[Problem]
Omit every picture, then return the listing verbatim.

[Input data]
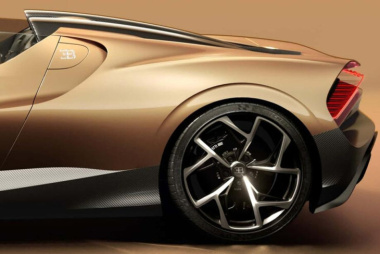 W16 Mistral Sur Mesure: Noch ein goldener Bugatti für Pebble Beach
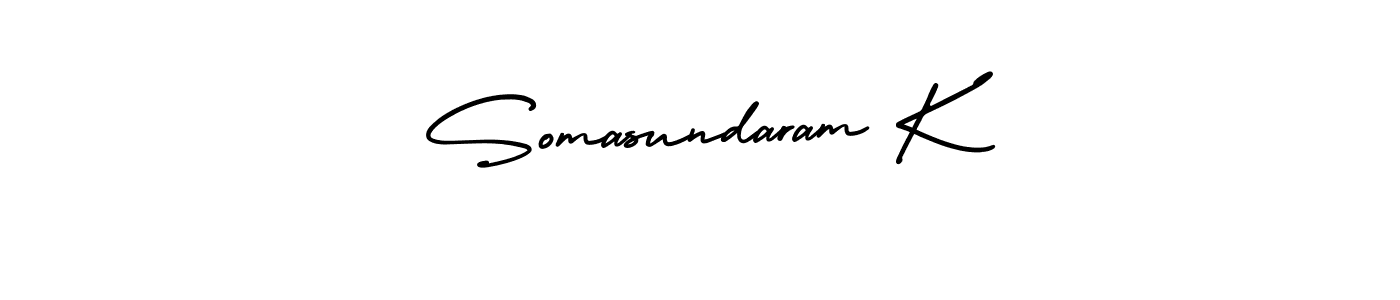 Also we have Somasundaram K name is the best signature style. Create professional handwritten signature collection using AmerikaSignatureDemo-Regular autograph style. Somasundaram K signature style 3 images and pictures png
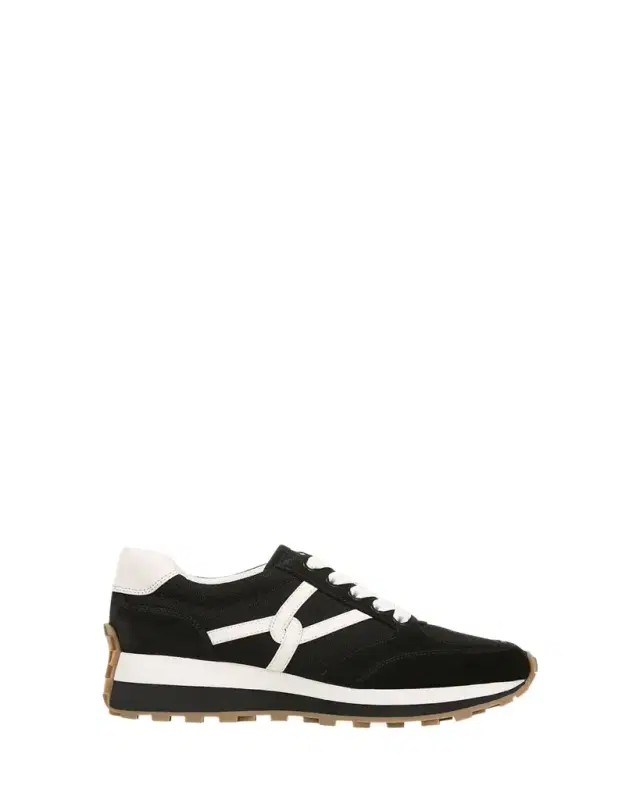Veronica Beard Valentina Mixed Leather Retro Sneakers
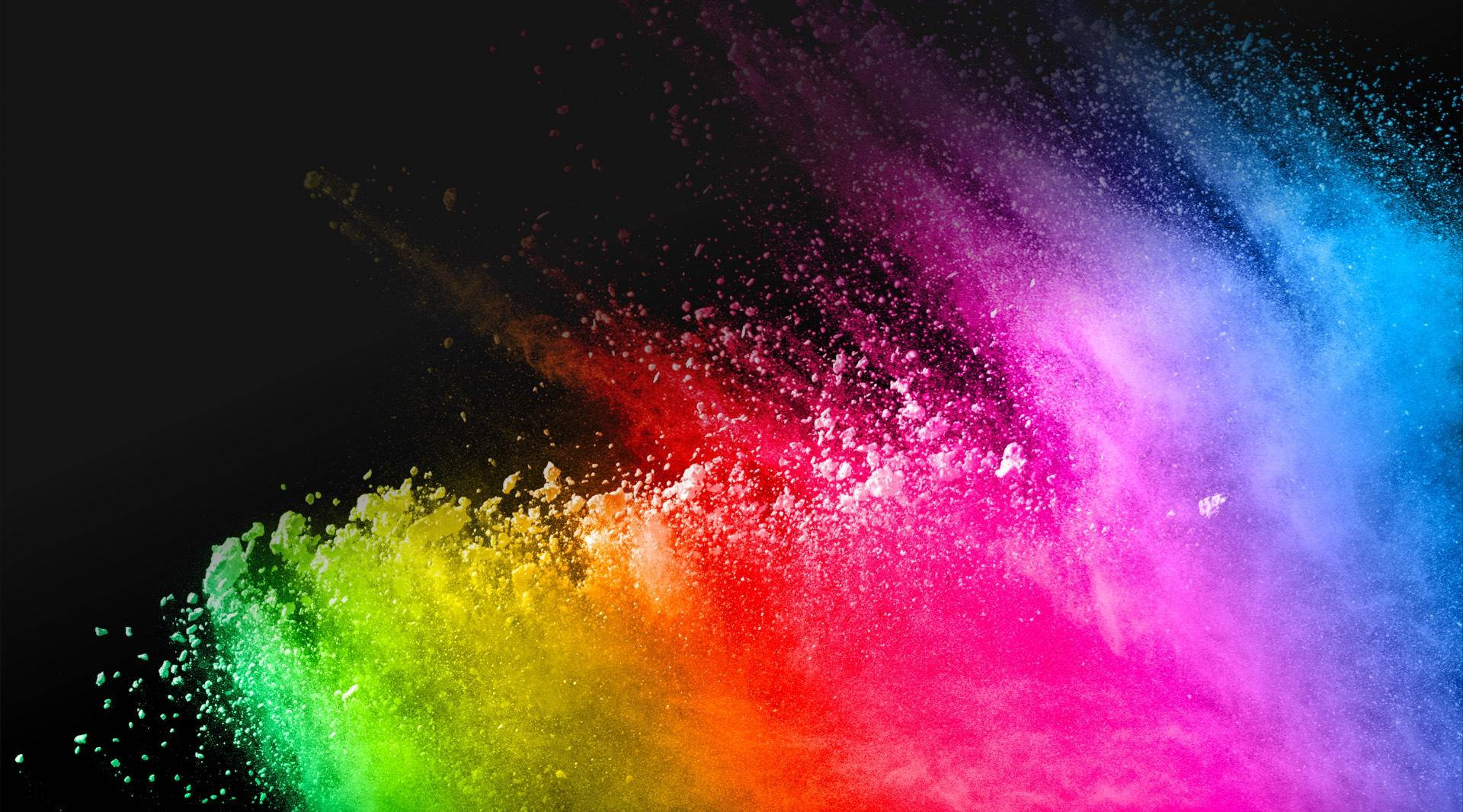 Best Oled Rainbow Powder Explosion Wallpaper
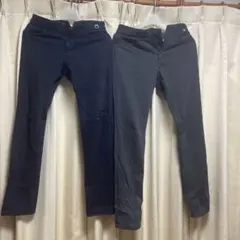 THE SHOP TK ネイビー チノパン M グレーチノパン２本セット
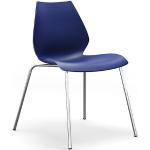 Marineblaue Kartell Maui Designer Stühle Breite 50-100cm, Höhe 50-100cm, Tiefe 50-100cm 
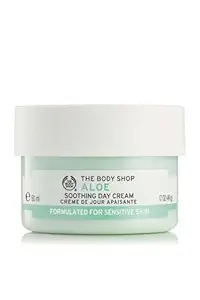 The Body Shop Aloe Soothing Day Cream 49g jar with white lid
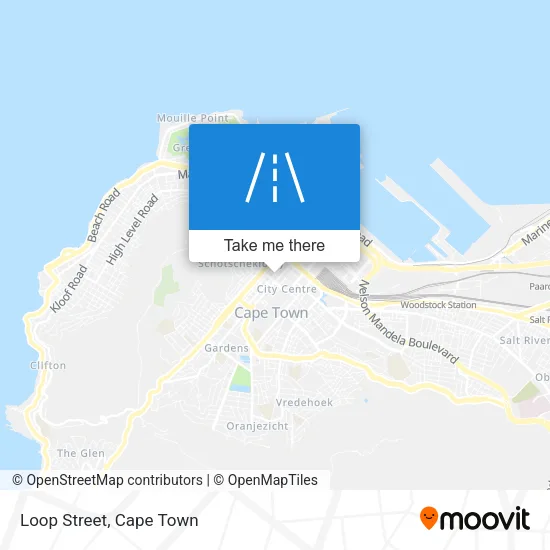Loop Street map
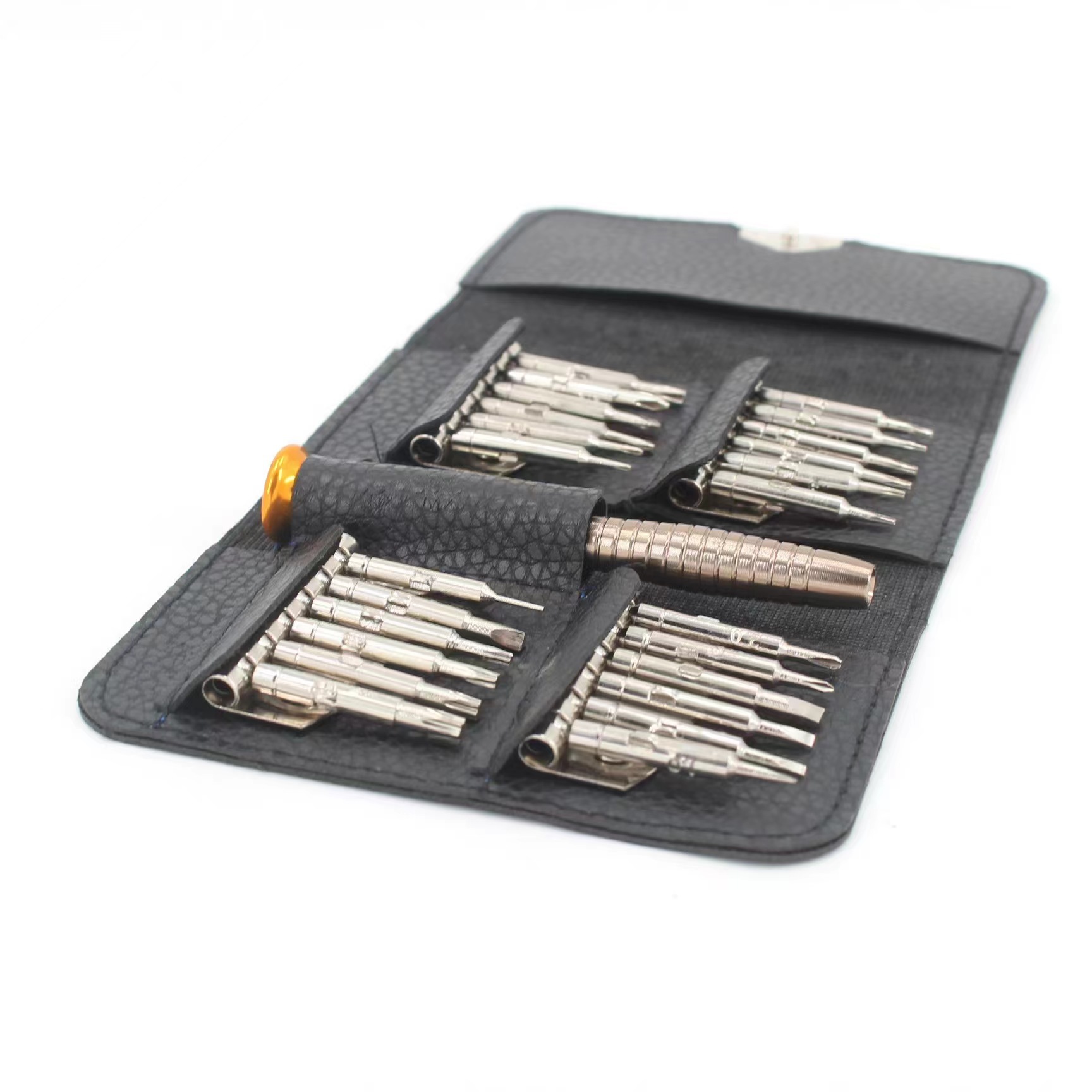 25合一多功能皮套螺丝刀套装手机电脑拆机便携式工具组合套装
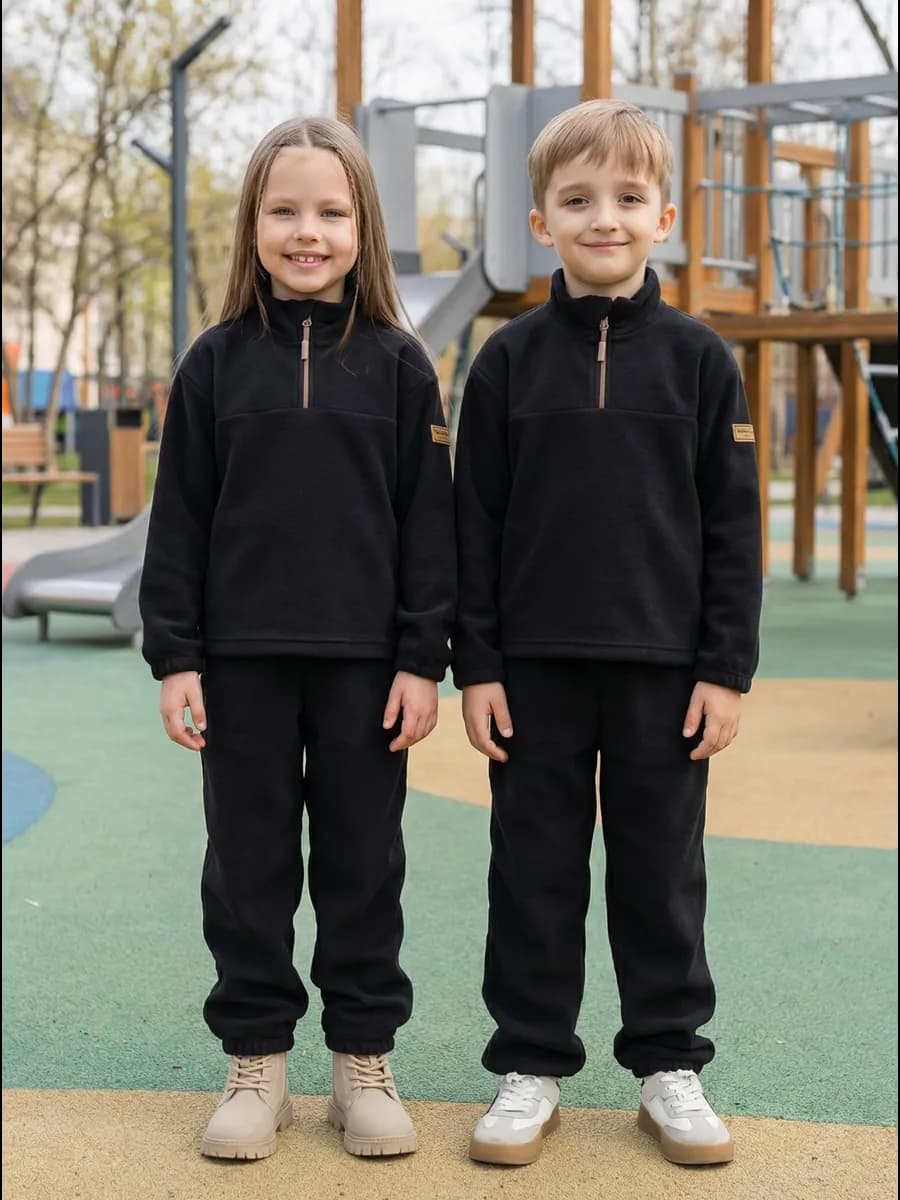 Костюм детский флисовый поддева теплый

[Output of the task]
 W16 Mistral Sur Mesure: Noch ein goldener Bugatti für Pebble Beach
 Also we have Somasundaram K name is the best signature style. Create professional handwritten signature collection using AmerikaSignatureDemo-Regular autograph style. Somasundaram K signature style 3 images and pictures png
Veronica Beard Valentina Mixed Leather Retro Sneakers
 Best Oled Rainbow Powder Explosion Wallpaper
 THE SHOP TK ネイビー チノパン M グレーチノパン２本セット
 Marineblaue Kartell Maui Designer Stühle Breite 50-100cm, Höhe 50-100cm, Tiefe 50-100cm 
 The Body Shop Aloe Soothing Day Cream 49g jar with white lid
Loop Street map
 25合一多功能皮套螺丝刀套装手机电脑拆机便携式工具组合套装
 Костюм детский флисовый поддева теплый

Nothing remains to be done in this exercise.